During 2010, the Tea Party got the attention, but the election revolt against bailouts, subsidies, and spending came from all sides. Voter sentiment hasn’t changed much — but you wouldn’t know that from the action last week on the US House floor, where renewing Export-Import Bank subsidies for big business was the order of the day.
Compared with big-spending Democrats, Republicans still have a long way to go before losing the mantle of limited government. But if the overwhelming vote to reauthorize the bank is any guide, they think the widespread disdain for subsidies has run its course. Last week’s Indiana primary shows otherwise.
Worse yet, the Ex-Im Bank vote shows that too many members of Congress think that being pro-business means being pro-subsidy. Wrong again. Avoiding burdensome regulations is pro-business; lowering the marginal tax rate is pro-business; but programs that bestow unique benefits to favored companies or industries are simply giving away money.
As big government goes, the Ex-Im Bank isn’t the worst thing in the world. Its big-ticket financing makes life a bit easier for exporters of airplanes, gas turbines, and the like. But these companies hardly have trouble getting private financing, and it’s tough to explain why taxpayers should be backing their loans. Instead of scaling things back, however, the House voted on Wednesday to recharter the bank and raise its lending limit to $140 billion.
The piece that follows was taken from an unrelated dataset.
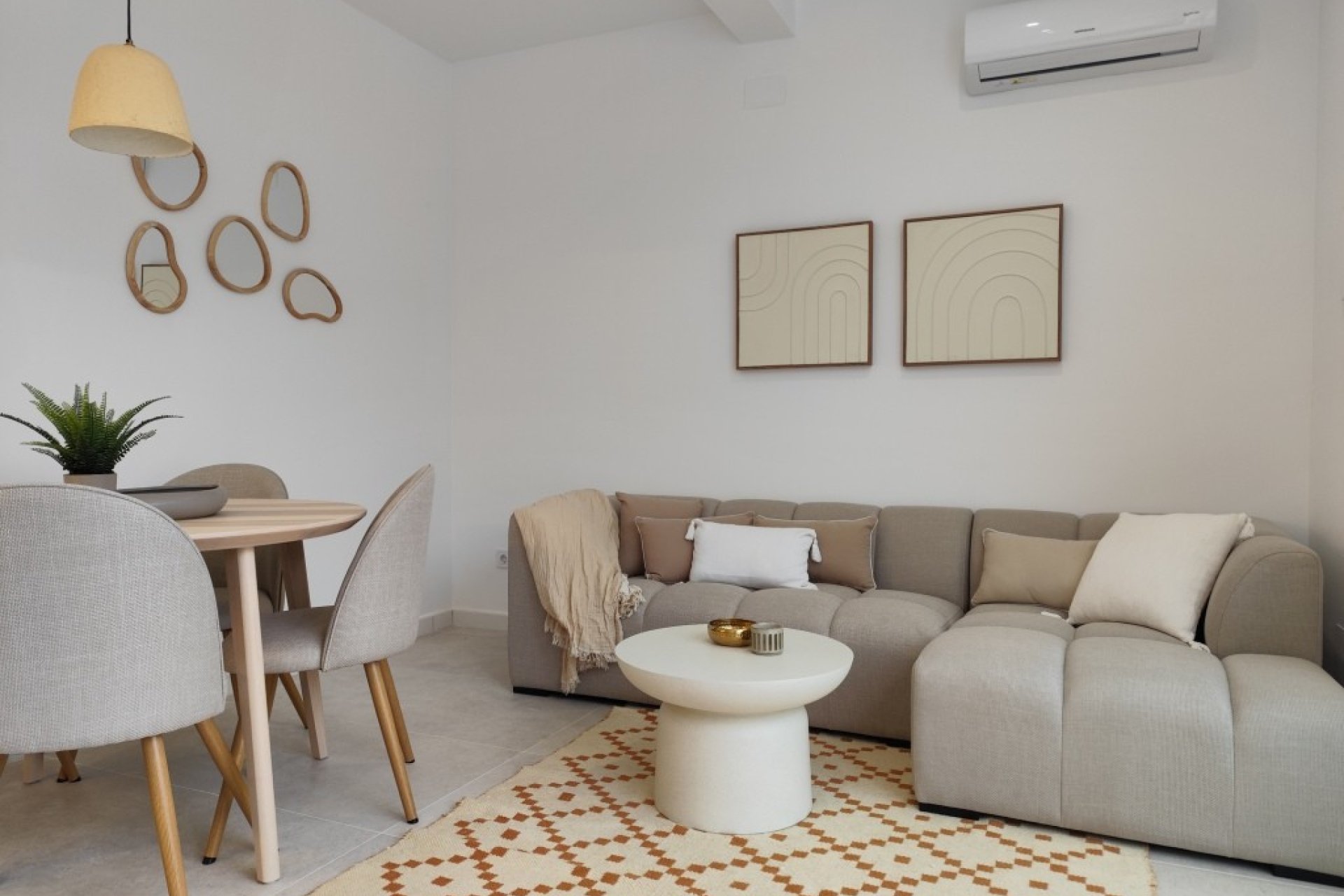 Resale - Bungalow - La Siesta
Yet targeting winners and losers is bad policy no matter who’s in charge; no government bureaucrat can allocate capital as efficiently as the marketplace. For Republicans, it’s also self-defeating politics. It will be far tougher to criticize President Obama’s government-knows-best attitude if Republicans pander to their own set of interests using the same playbook.
If the Ex-Im Bank is pro-business, as supporters maintain, then so is every corporate handout large and small. Arguments for similar largesse range from “saving the family farm” (agriculture) to “saving an American icon” (tax benefits for thoroughbreds and racetracks) to “Germany and China are doing it” (solar and wind subsidies). These are all fine industries, but singling them out only encourages others to pursue campaigns of their own.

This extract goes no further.